Saturday, February 6, 2016

networking - Fighting Off Network Flooding



my website sometimes gets attacked by people. You can see such an attack at 18:00 and later on a bigger attack at 22:30. Basicly the servers network card gets flooded by incoming requests.



My machines is a dedicated quad core, 12GB ddr3, 4x SAS 15k RPM drives in RAID10 with CentOS5.6 64bit.




On this server I run Nginx as my webserver. During an attack I am unable to access my site because the whole network seems to be flooded. Once it stops, everything is back to normal, without the need to restart anything.
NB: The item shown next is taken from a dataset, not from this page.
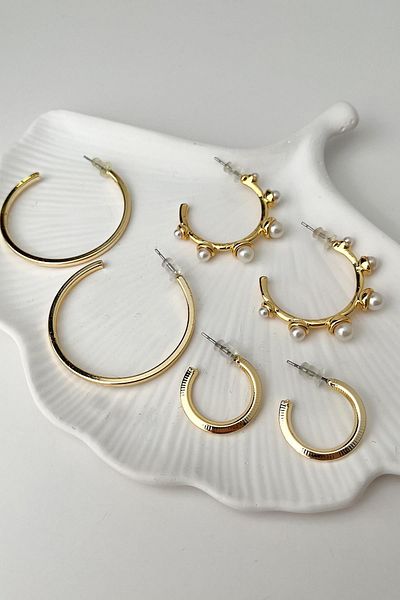 Modex Gold Color Pearl Detailed Hoop Multiple Earrings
I have hardened my SYSCTL a little, see settings here: http://pastebin.com/eFfAcWkr
My IPTABLES config, its quite basic really. Only need port 80, 443, 21 and my SSH port open : http://pastebin.com/MsHSka08



My question is: What can I further do to fight off these kind of attacks? Also, is there a way for me to find out what kind of attack it was exactly?*



Green line is incoming data, blue one is outgoing data.




Network Attack


Answer



Welcome to the wonderful world of (Distributed) Denial of Service or DDoS. Short answer: talk to your ISP and ask them to help you filter out a DoS. Longer answer:



Since it sounds like your network is getting saturated, there is not a whole lot you can do with your network or systems to defend against these attacks -- their aim is to flood you with so much traffic your downstream bandwidth is clogged with junk. To fix this, you'll need to involve your ISP. If you're lucky, the attacks are simple DoS attacks with an identifiable, non-spoofed source address. Your ISP can apply filters to these pretty easily. If you're unlucky, the attacks are using spoofed source addresses and/or distributed amongst a botnet, making it much harder to filter (since there are a wide number of sources). There are still things your ISP can probably do, but they get a bit more complicated. To really defend yourself, you need to look at DDoS mitigation services like those offered by Arbor Networks, VeriSign, etc. Unfortunately, these tend to be quite expensive. Another option might be to look at deploying to a Content Distribution Network like Akamai (at the expensive end) or Cloudflare (at the free end, albeit Cloudflare isn't a full CDN).



As for figuring out what kind of attack it is, you can probably get a clue from the traffic itself. Run tcpdump or equivalent and see what sort of packets you're getting. It could be anything from ICMP (e.g., ping floods) to UDP (e.g., a DNS amplification attack) to TCP (syn flooding). Based on the traffic though, I'd bet on a simple stateless flood attack (i.e., ICMP or UDP). This is actually fortunate since a higher level attack, e.g., a bunch of zombies from a botnet flooding HTTP requests to port 80 or 443, is much harder to deal with.